連載第1回「クリーンテック業界を取り巻く、大きな二つのトレンドとは」では、Natureの製品や家庭でのエネルギーマネジメント、業界を取り巻く二つのトレンドについてお話を伺い、第2回では「今起こりつつあるエネルギー革命とは」として、太陽光発電を中心とした再生可能エネルギーの変遷について、ご紹介いただきました。
最終回は、「再エネへのシフトがスマートグリッドへの進化を促す」と題して、家庭における電力のデマンドマネジメントの具体例と、再エネの普及によって電力網が自律分散型のスマートグリッドへと変化していくという将来像について、そして「クリーンテックに携わるエンジニアに求められること」についても、お話いただきます。(執筆:後藤 銀河 撮影:編集部)
プロフィール
Nature株式会社 創業者 塩出 晴海氏
13才の頃にインベーダーゲームを自作、2008年にスウェーデン王立工科大学でComputer Scienceの修士課程を修了、その後3カ月間洋上で生活。三井物産に入社し、途上国での電力事業投資・開発等を経験。2016年ハーバード・ビジネス・スクールでMBA課程を修了。ハーバード大在学中にNatureを創業。
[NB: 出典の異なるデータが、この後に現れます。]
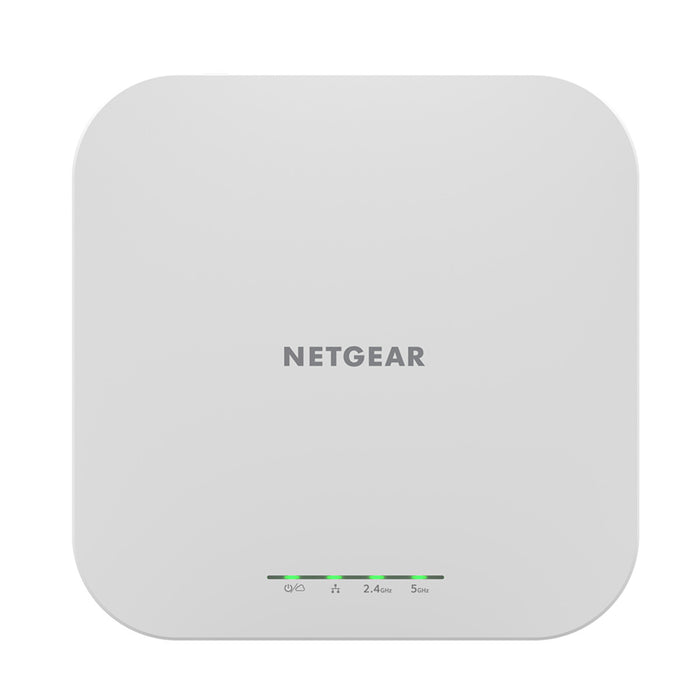 Netgear WAX610-100EUS/AX1800 Insight Cloud Managed WiFi 6 Dual Band Access Point Wireless Access Point Netgear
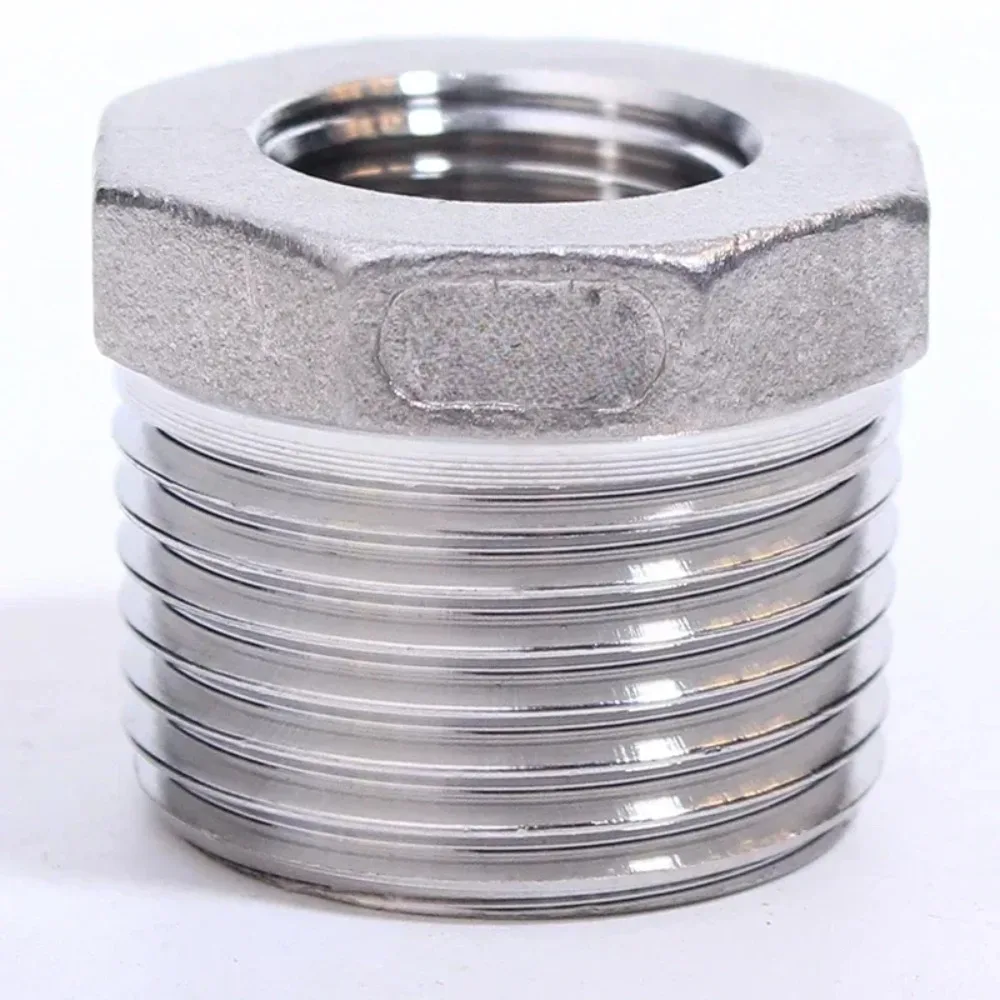 

Переходник-редуктор с переменным диаметром (1/8, 1/4, 3/8, 1/2, 3/4, 1, 2 дюйма) NPT, с внутренней и внешней резьбой, из нержавеющей стали 304, для ремонта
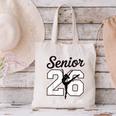 Senior Dance Mom Class Of 2026 Dancer Daughter Graduation Canvas Tote Bag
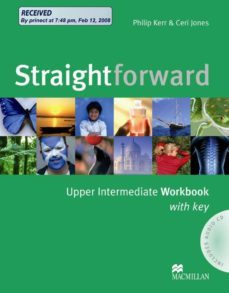 straightforward upper intermediate. workbook with key + portafoli o-9780230030213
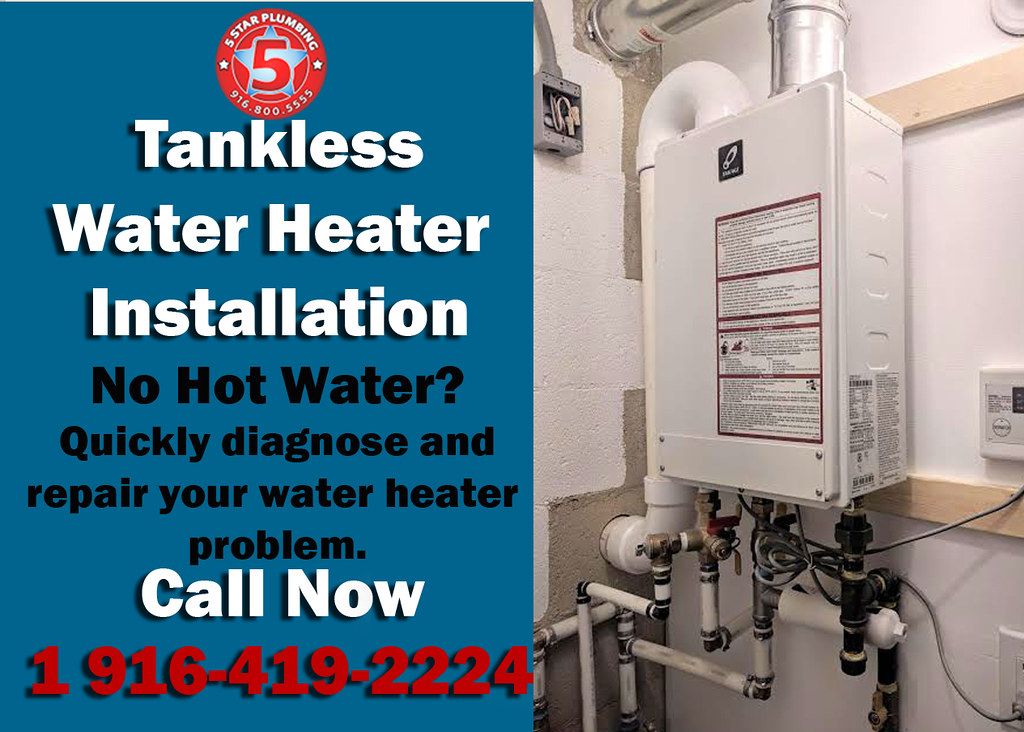 Tankless Water Heaters Installation Cost in CA However, th… Flickr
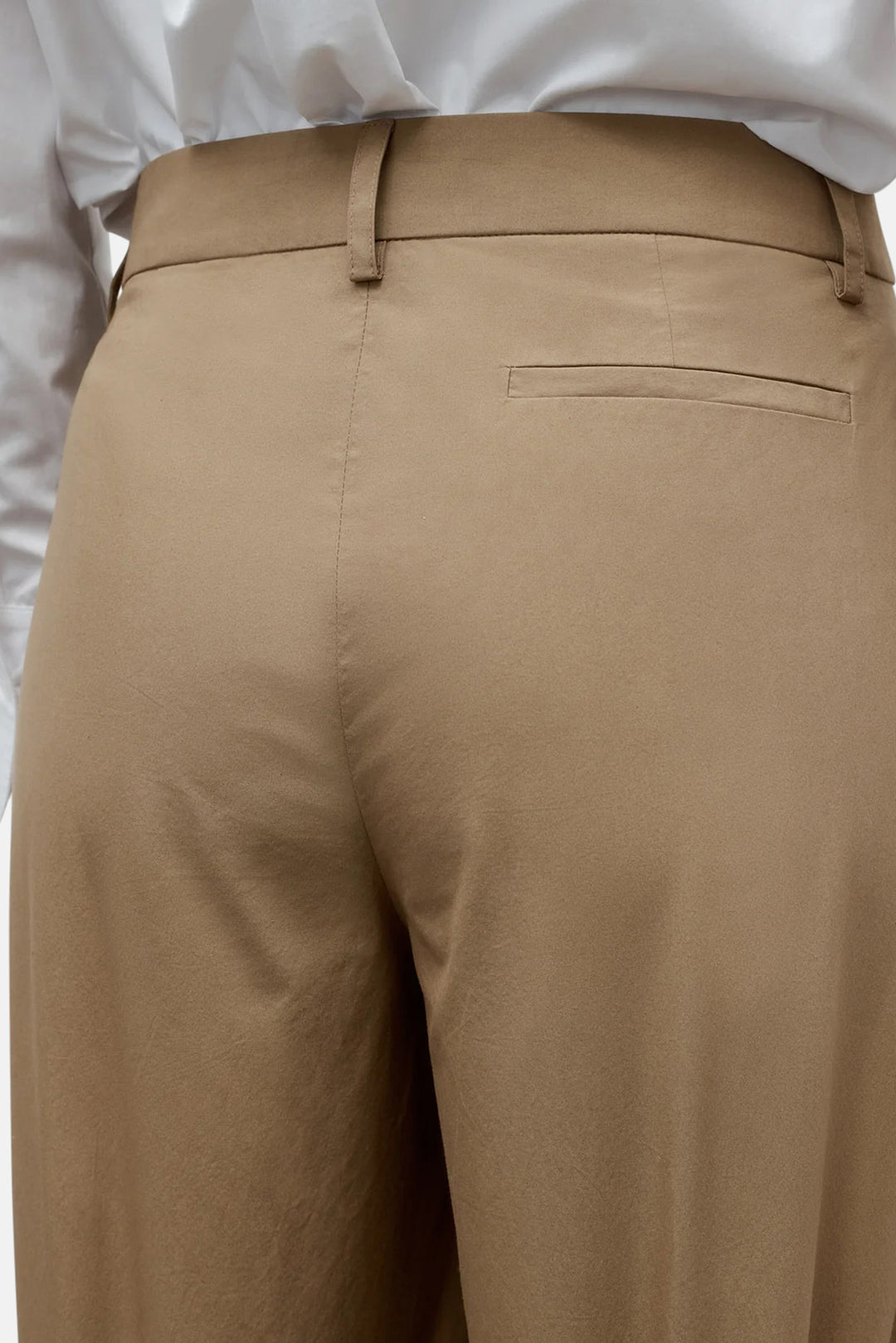 Next Didi Pant in Super Compact Poplin Kelp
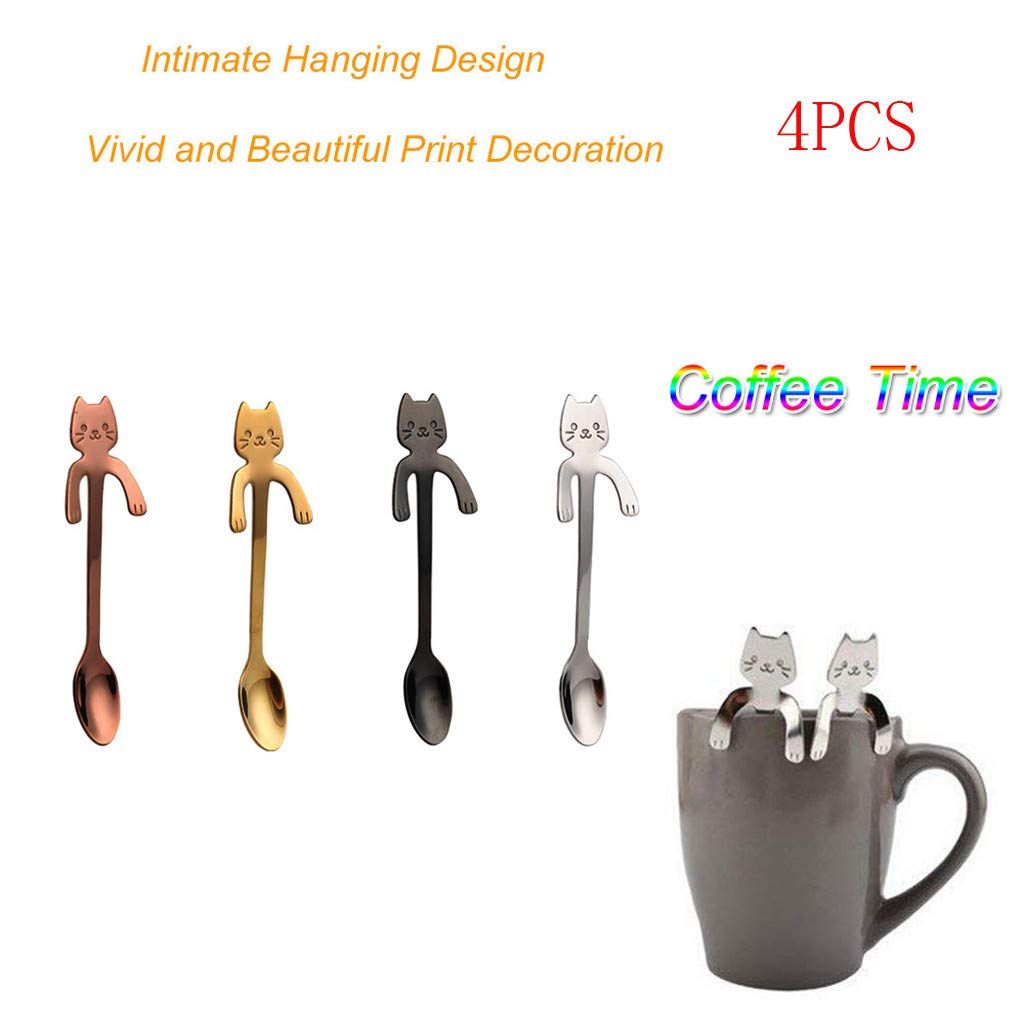 Amazon codes for winwintom 4X Cat Spoon Long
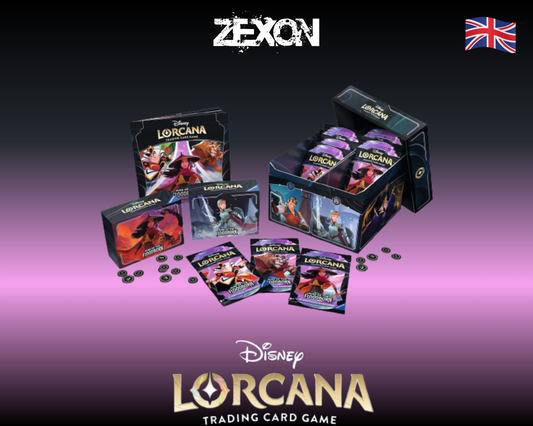 Disney Lorcana set2: Coffret Disney100 – ZeXon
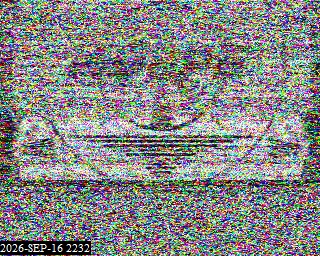 SSTV image from 2E0FWE_20M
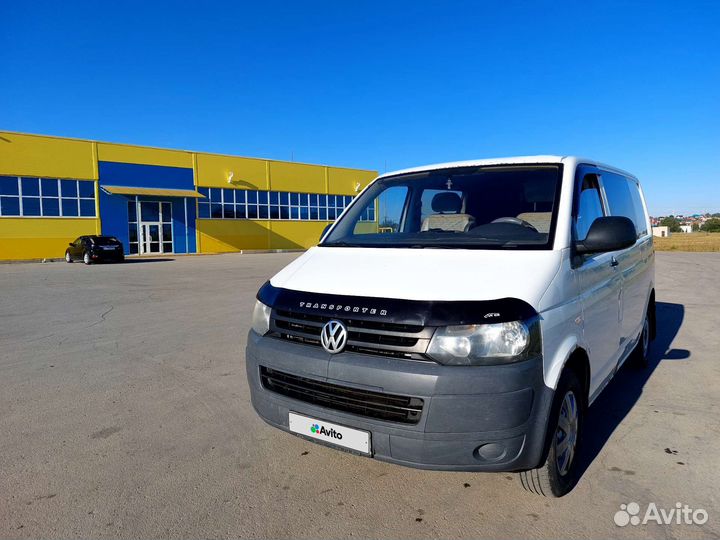 Volkswagen Transporter 2.0 МТ, 2010, 346 740 км
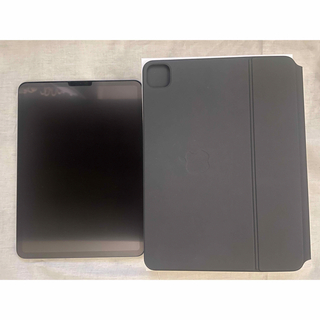 アイパッド(iPad)のiPad pro 256GB+Magic Keyboard(11inch)(タブレット)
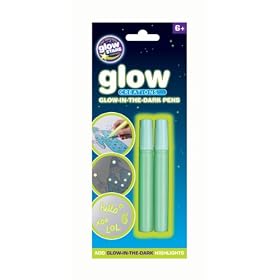 Brainstorm The Original Glowstars Company Glow Creations Glow in the Dark Pens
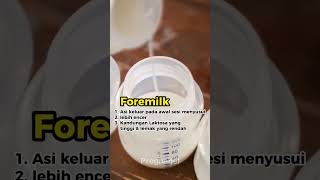 apa aja si perbedaan foremilk dan hindmilk persalinan edukasibumil yogahamil fyp senamhamil [upl. by Keever15]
Nature株式会社 ソフトウェアエンジニア 北原 壮氏
2012年に慶応義塾大学大学院(SFC)の政策メディア研究科を卒業。学生時代から面白法人カヤックにて、Lobiなどの多数のサービス・アプリを開発。Make It Real を経てNatureに参画。ソフトウェア開発全般を手掛ける。
――再生可能エネルギーを利用する上で、電力の需要側でのエネルギーマネジメントが不可欠だというお話しがありました。テクニカルな面でどのような取り組みになるのでしょうか?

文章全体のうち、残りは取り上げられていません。